ADO Pilot supports two ways to authenticate against your Azure DevOps organization. **PAT is the recommended default** for most teams; Service Principal is available on Business plan and above. This page explains the trade-offs so you can pick the right one.

## The two methods at a glance

- **Personal access token (PAT)** — fastest to set up, no extra cost, the recommended default.
- **Service Principal** — org-scoped identity with no personal token. Available on Business plan and above.

## Decision matrix

| Method                | Setup time       | Security posture                    | Extra cost                             | Best for                            | Available?     |
| --------------------- | ---------------- | ----------------------------------- | -------------------------------------- | ----------------------------------- | -------------- |
| Personal access token | About 5 minutes  | Good if rotated every 90 days       | None                                   | Every team                          | Yes            |
| Service Principal     | About 15 minutes | Org-scoped, no personal credentials | One Azure DevOps Basic license per org | Enterprises with Conditional Access | Business plan+ |

### Personal access token

PAT is what you use today. The Azure DevOps user who creates the token grants ADO Pilot the three scopes it needs (see [Required PAT scopes](./creating-a-pat.md#required-scopes)) and pastes the token into the onboarding wizard.

What to know:

- Setup is contained to one person — no Entra ID admin involvement.
- The token expires on a fixed date (90 days is the recommended window).
- The token is bound to the user who created it. If that user leaves the organization or has their account disabled, ADO Pilot stops working until someone else issues a new PAT.
- Beyond the PAT's scopes, that user also needs the **Project Administrator** Azure DevOps role on the reviewed projects, or a project-scoped Service Hooks (Edit/View Subscriptions) permission grant per project instead — narrower in scope but CLI-only, since there's no org-wide equivalent (see the linked page) — an organization role, not something you select when creating the token. See [Reviews never started: service-hook permission error](../troubleshooting/service-hook-permissions.md).
- You are responsible for rotating it on schedule — see [Rotating your PAT](./rotating-your-pat.md).

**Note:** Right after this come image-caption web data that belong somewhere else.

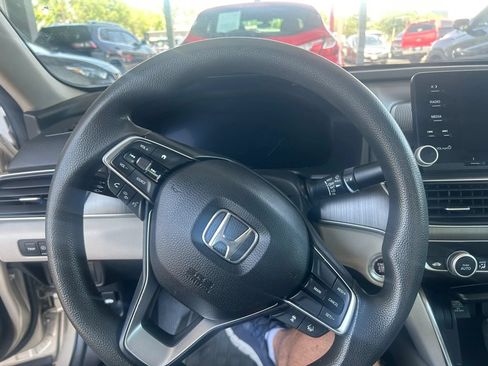 Used 2018 Honda Accord LX image 13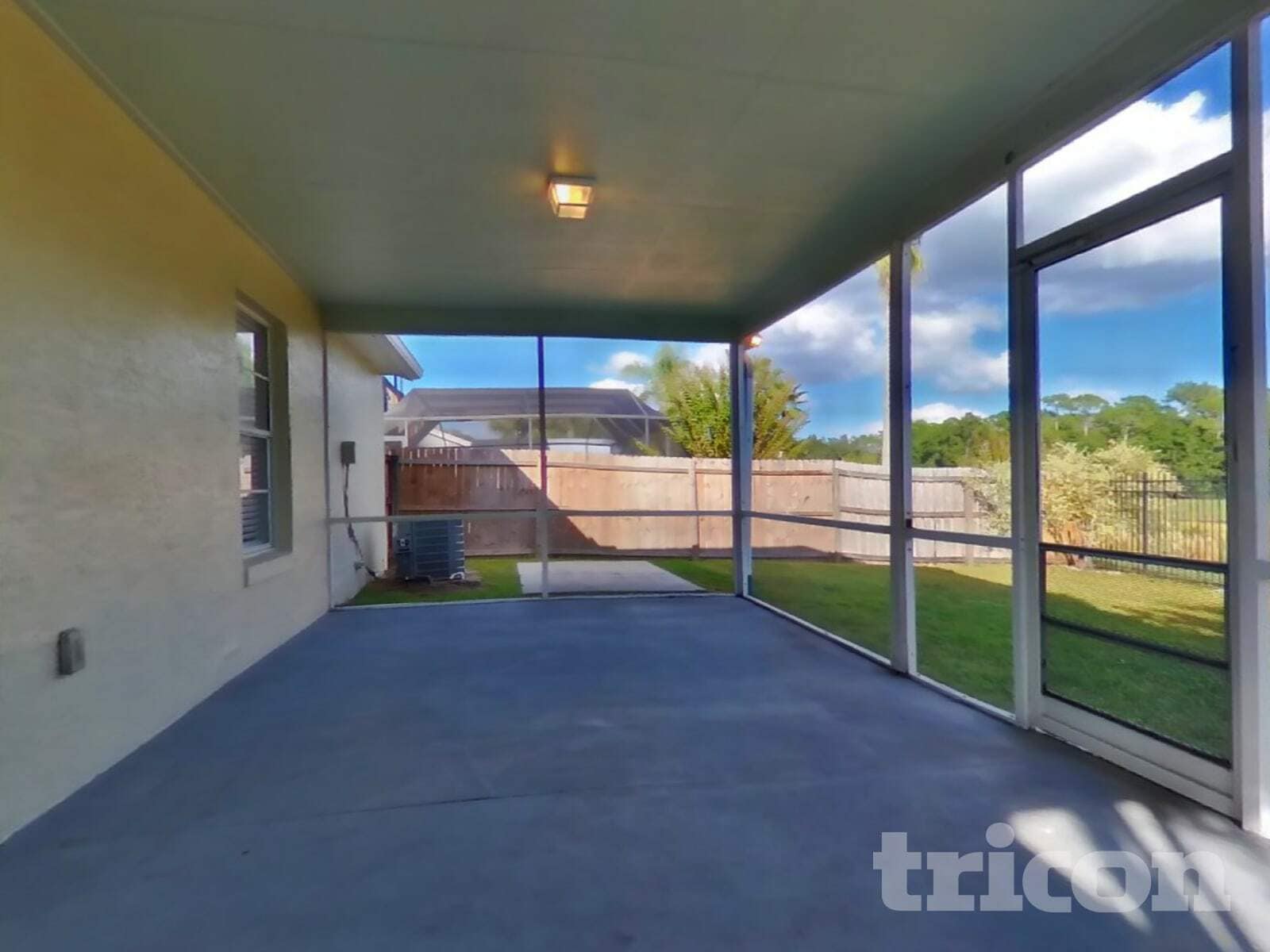 Building Photo - 1021 Whittier Cir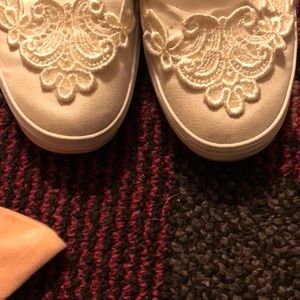 Keds Shoes - White canvas lace decal Keds Keds Shoes - White canvas lace decal Keds
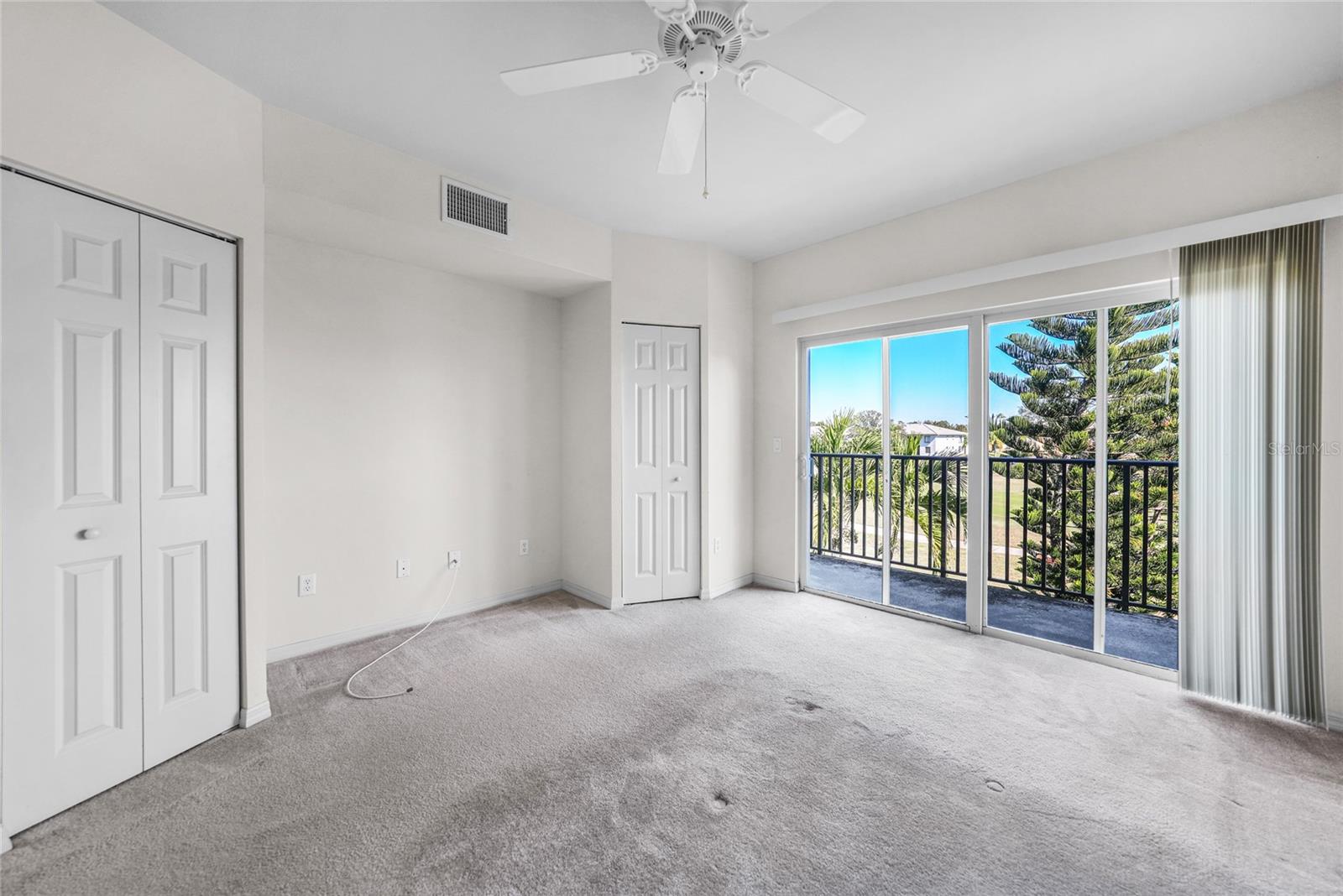 Image 22 of 49 For 1246 Rio De Janeiro Avenue 505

For step-by-step setup, see [Creating a Personal Access Token](./creating-a-pat.md).

### Service Principal

Service Principal is the enterprise-grade option available on Business plan and above:

- Authenticates as an Entra ID application owned by your organization, not by any individual user.
- Survives personnel changes — no rebinding when someone leaves.
- Respects Conditional Access policies cleanly because access is brokered by your Entra ID directory via a federated identity credential — not a stored certificate, secret, or personal user token.
- Requires one Azure DevOps **Basic** license assigned to the service principal in your organization (currently about $6 per month, billed by Microsoft).
- Requires an Entra ID admin to consent to ADO Pilot's application registration.

## Which should I pick?

If you are onboarding now, use **PAT** — it is the fastest path and sufficient for production reviews on every plan tier. If you need org-scoped credentials that survive personnel changes, choose **Service Principal** (available on Business plan and above). On a Business plan you can select it during onboarding, or switch later from the **Integration** settings page without losing review history, repository configuration, plans, or billing. See [Setting up Service Principal auth](./service-principal-setup.md) for the consent + setup walkthrough.